Capitalism, redivivus.
This is *exactly* my biggest single beef by far with the industry. I wouldn't buy a house I haven't walked through (or talked with the architect and builder of). I won't buy a car without a test drive. Heck, I won't buy a computer without mashing some buttons in the local CompUSA, ya know?!
And by the way, Dodge would not have gotten my business last year if they had said, "Well, Mr. Romano, we're pleased to offer test drives at our plant in Detroit, twice a year, for ten minutes, on a closed course that in no way approximates the conditions under which you will use the truck, following fifteen other test-drivers, at 60mph, behind a glorified salesman we call a 'road captain.'" What utter bee-ess.
And don't give me that crap about the bike industry not being as big as the auto industry. It's not that they're less big, it's that they are by and large, less professional. And they get away with that in this country. The bike business would stop dead in its tracks if they tried to pull ANY of this crud on the Continent, or in the UK.
And as a matter of personal preference: Sure it makes 99lbs/ft. of torque, when the motor is spun up half to the moon.

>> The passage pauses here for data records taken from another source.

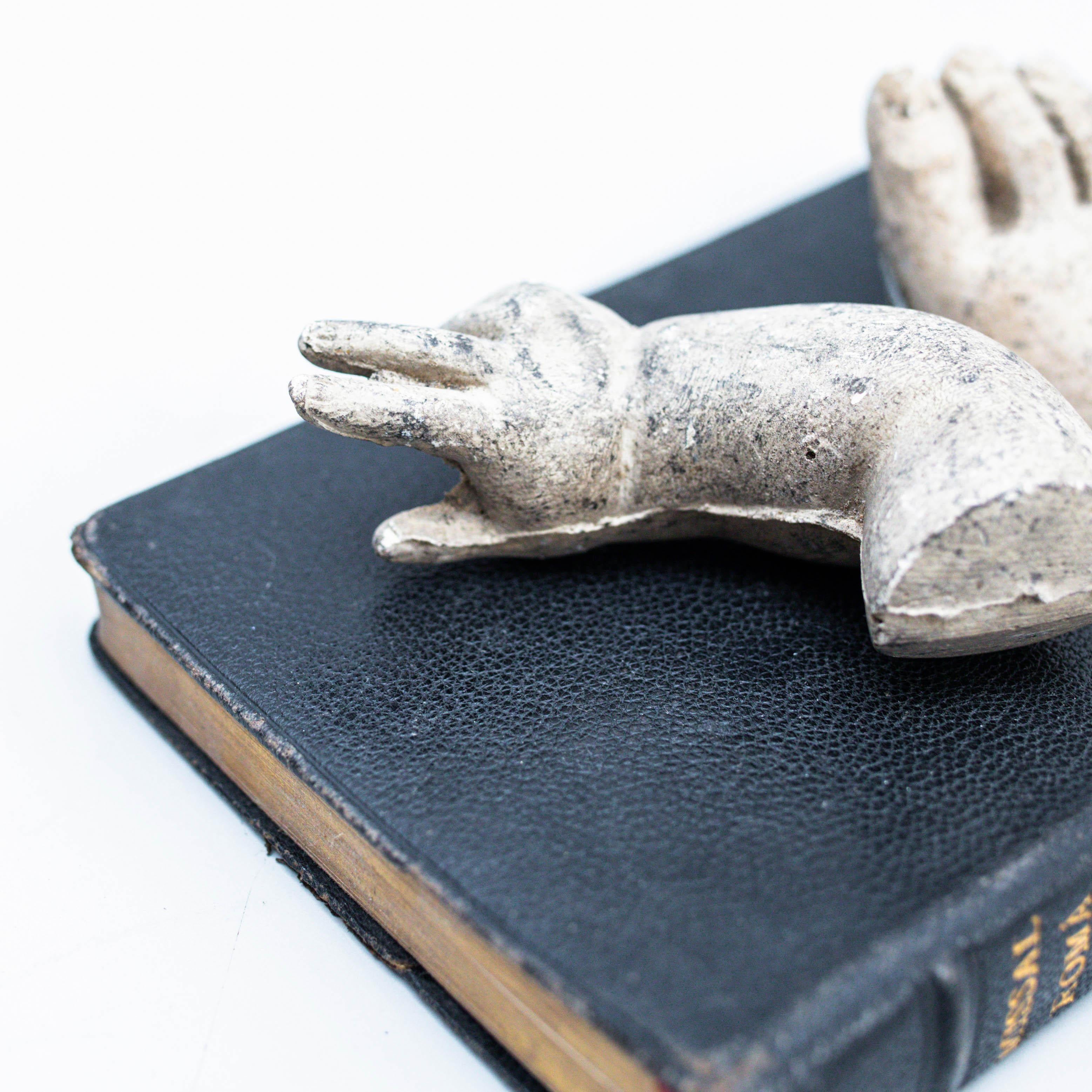 Opera d'arte con vecchio libro e parti misteriose di sculture, circa 1990 in vendita 2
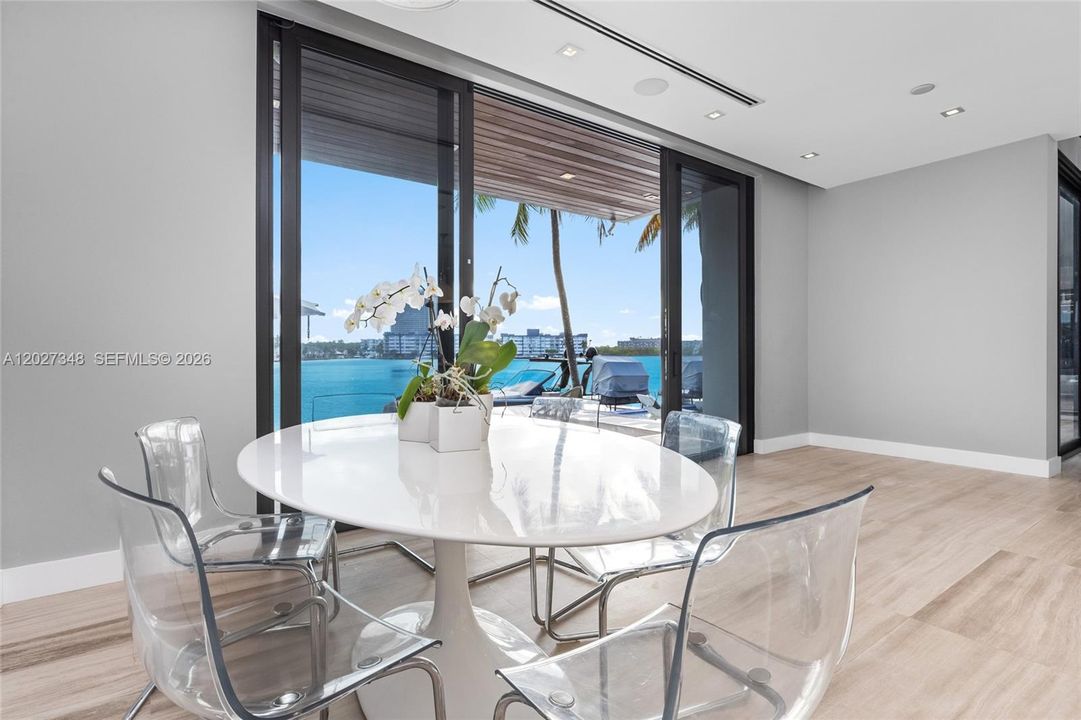 En Venta: $14,500,000 (5 camas, 6 baños, 5347 Pies cuadrados)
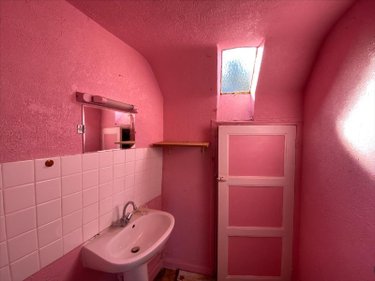 Immeuble a vendre Saint-Cernin 15310 Cantal 110 m2  48000 euros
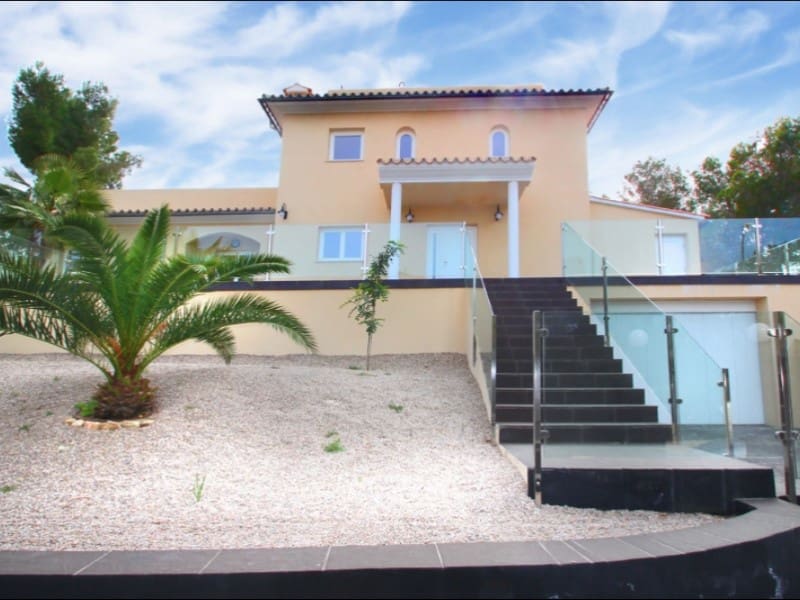 3 sypialnia Willa do wynajęcia w Sol de Mallorca z basenem garażem - 6 300 € (Ref: 9855347)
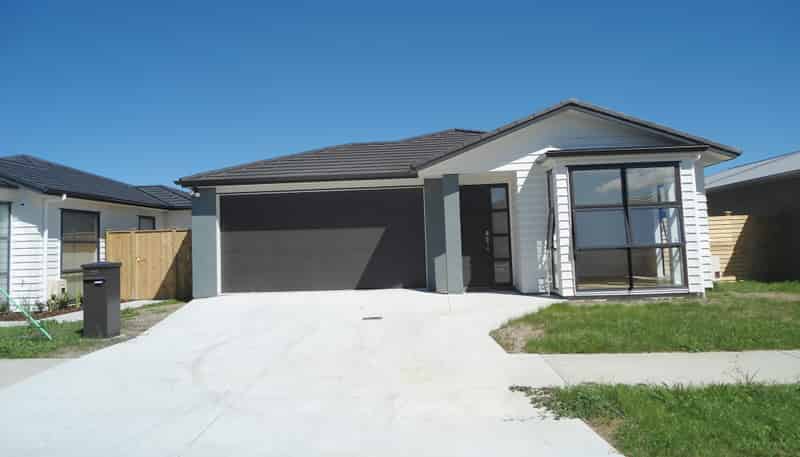 22 Treestump Road, Takanini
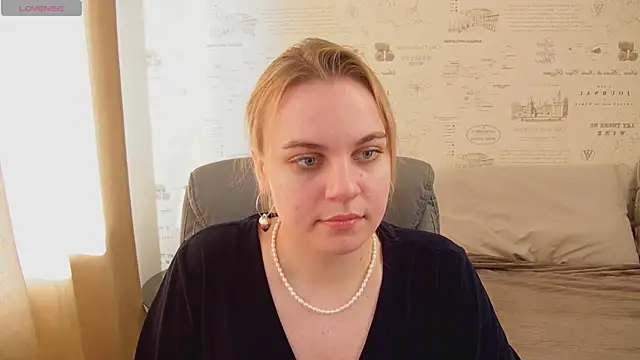 Snapshot of Glow_Margo chatting on June 2026 01:28:02 AM Glow Margo online show from June 2026 01:28:02 AM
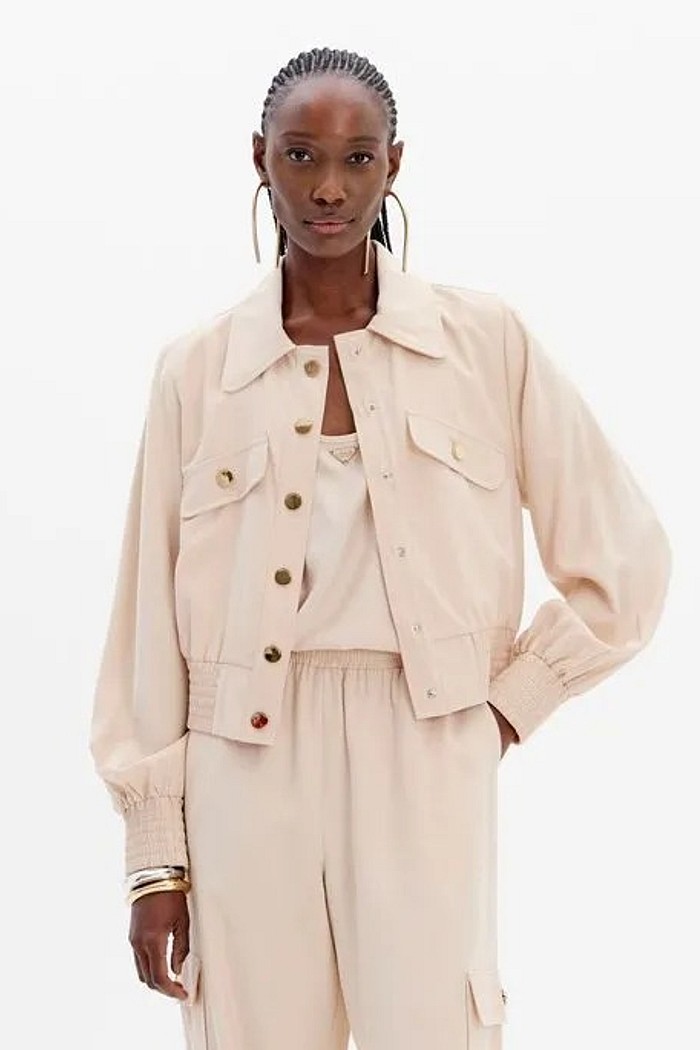 JAQUETA CURTA COM BOLSO ROSA CLARO LANÇA PERFUME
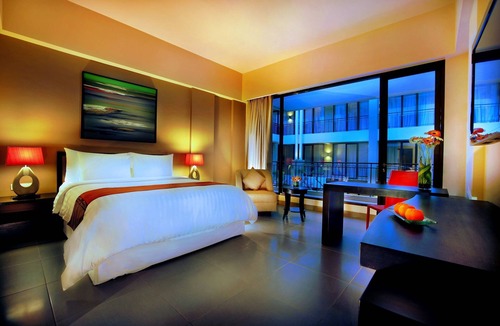 Sunset Road Hotel | 100 Sunset Hotel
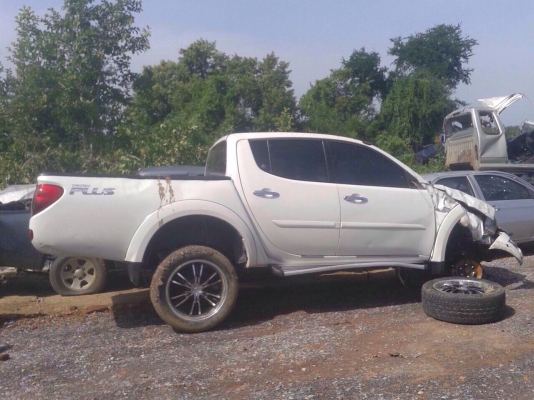 ซากมิตซูไททั้นพลัสปี11เครื่อง2500โอนลอยๆหรือเเยกอะไหลทั้งคันรับซื้อรถอุบัตเหตุทุกสภาพ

My Road King made peak torque at rpms of, like, four. Which is much more useable. And those FJR bags are *not* 'cavernous', 'voluminous', 'commodious', 'gear-inhaling', or even 'sizeable'. My GS (which I test-rode for an hour and a quarter, on my roads, near my house, in my traffic--along with three other BMW models) has Jesse bags, which give more space in the small side than most bikes give in a top-box.
And I also got killer financing. So the asian makers are not the only 'good deals' to be had, primarily because I *know* what kind of deal I'm actually getting.